# What the task asks
Restate, in full and unchanged, the entries that follow, but not their pictures.

(Short text fragments from websites)
————
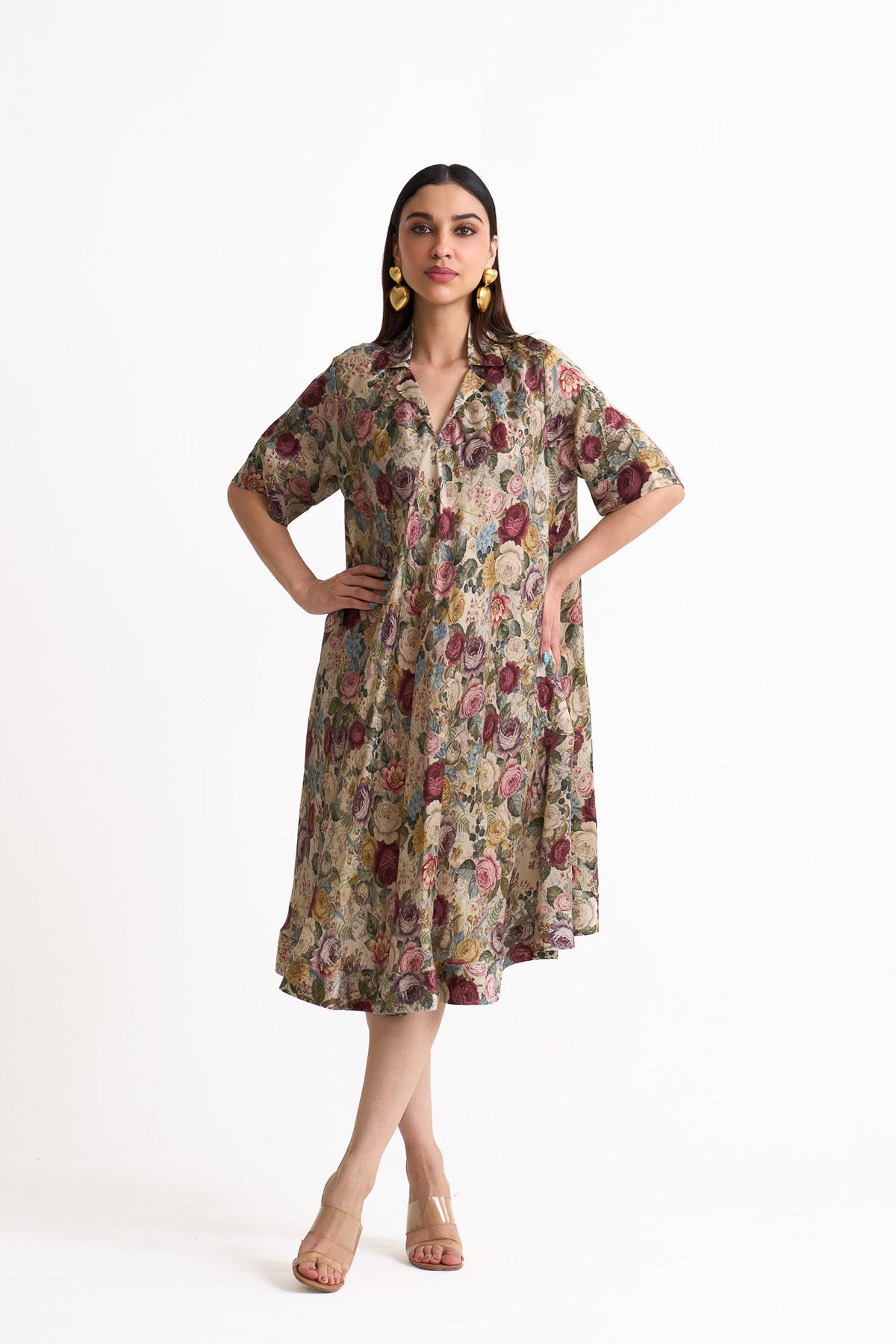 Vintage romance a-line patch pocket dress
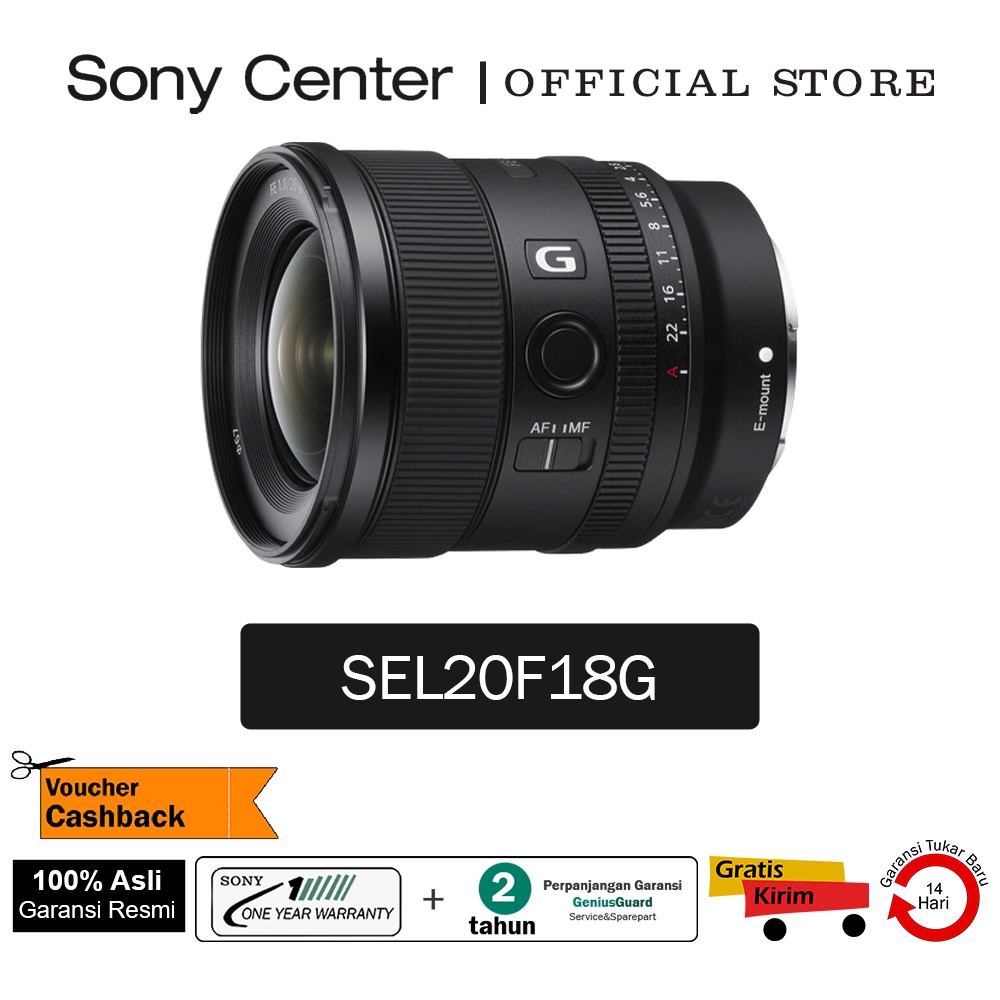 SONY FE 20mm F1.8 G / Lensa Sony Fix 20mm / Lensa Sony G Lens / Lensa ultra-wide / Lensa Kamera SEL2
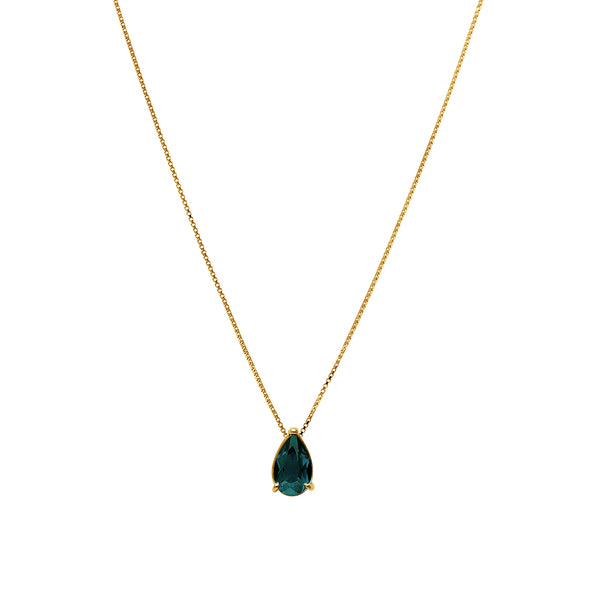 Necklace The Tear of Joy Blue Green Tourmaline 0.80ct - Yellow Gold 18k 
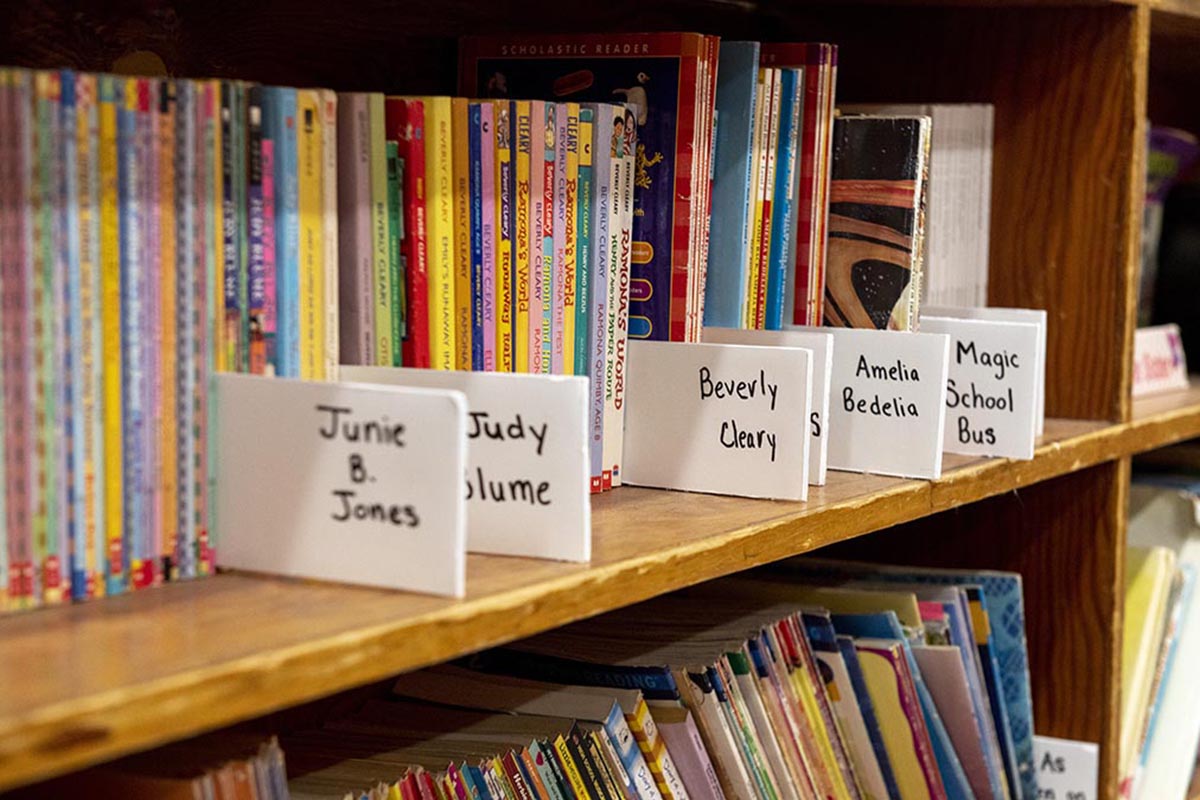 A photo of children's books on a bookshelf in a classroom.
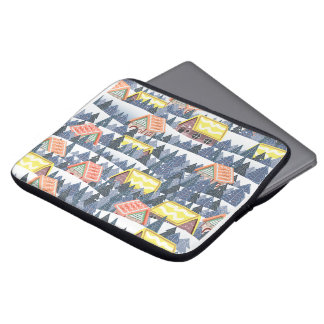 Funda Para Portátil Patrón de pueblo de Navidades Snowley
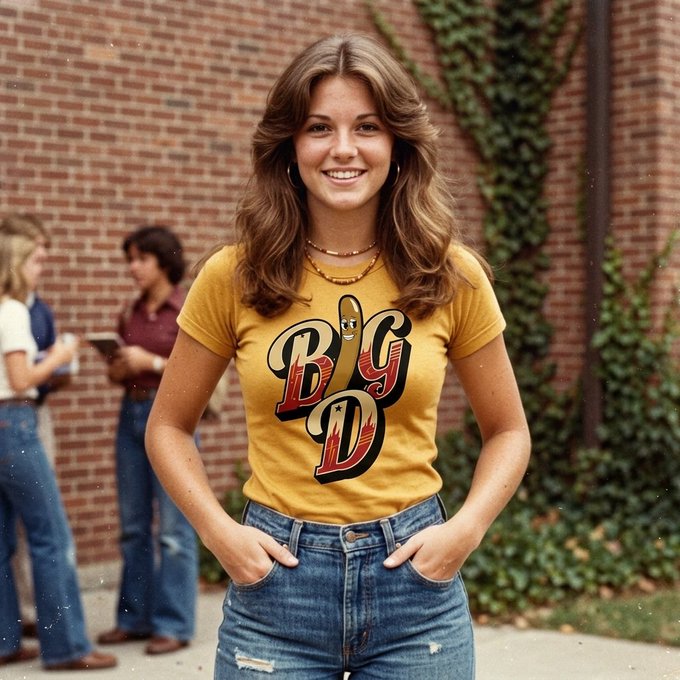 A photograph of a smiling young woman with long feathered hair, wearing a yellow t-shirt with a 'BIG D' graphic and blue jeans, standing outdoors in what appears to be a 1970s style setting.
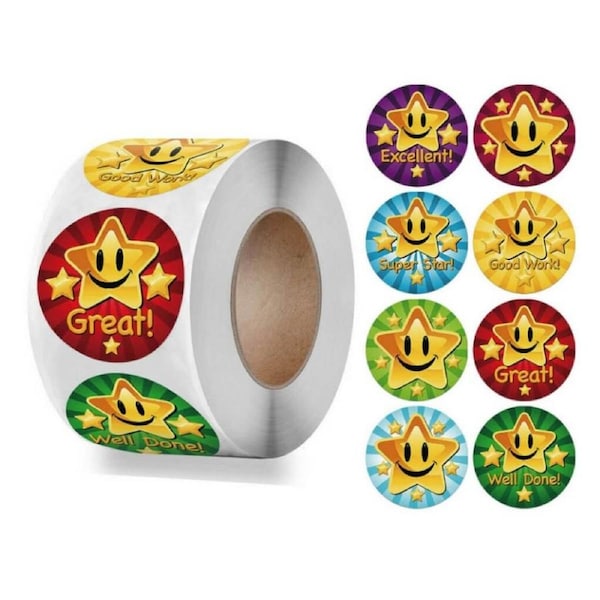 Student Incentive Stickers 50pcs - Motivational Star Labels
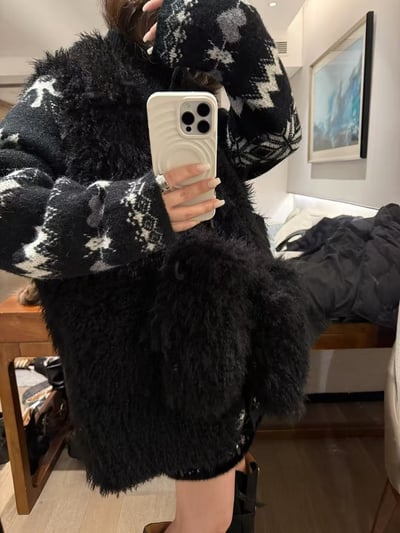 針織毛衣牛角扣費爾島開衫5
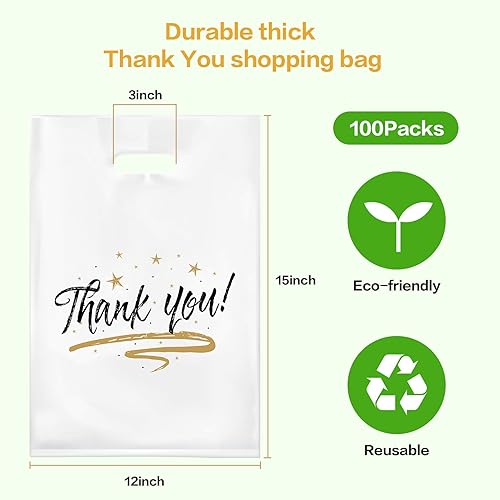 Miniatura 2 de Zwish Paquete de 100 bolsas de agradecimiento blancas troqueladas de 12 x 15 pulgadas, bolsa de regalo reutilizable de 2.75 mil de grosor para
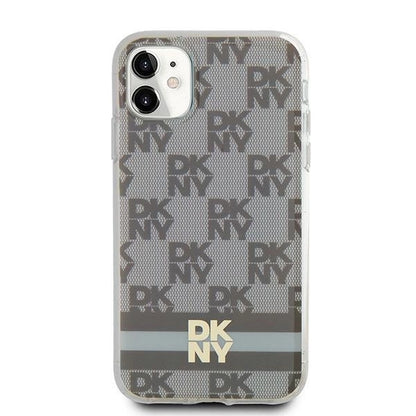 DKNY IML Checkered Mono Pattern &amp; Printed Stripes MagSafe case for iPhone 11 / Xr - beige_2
————
# Solved exercise
 Vintage romance a-line patch pocket dress
 SONY FE 20mm F1.8 G / Lensa Sony Fix 20mm / Lensa Sony G Lens / Lensa ultra-wide / Lensa Kamera SEL2
 Necklace The Tear of Joy Blue Green Tourmaline 0.80ct - Yellow Gold 18k 
 A photo of children's books on a bookshelf in a classroom.
 Funda Para Portátil Patrón de pueblo de Navidades Snowley
 A photograph of a smiling young woman with long feathered hair, wearing a yellow t-shirt with a 'BIG D' graphic and blue jeans, standing outdoors in what appears to be a 1970s style setting.
 Student Incentive Stickers 50pcs - Motivational Star Labels
 針織毛衣牛角扣費爾島開衫5
 Miniatura 2 de Zwish Paquete de 100 bolsas de agradecimiento blancas troqueladas de 12 x 15 pulgadas, bolsa de regalo reutilizable de 2.75 mil de grosor para
 DKNY IML Checkered Mono Pattern &amp; Printed Stripes MagSafe case for iPhone 11 / Xr - beige_2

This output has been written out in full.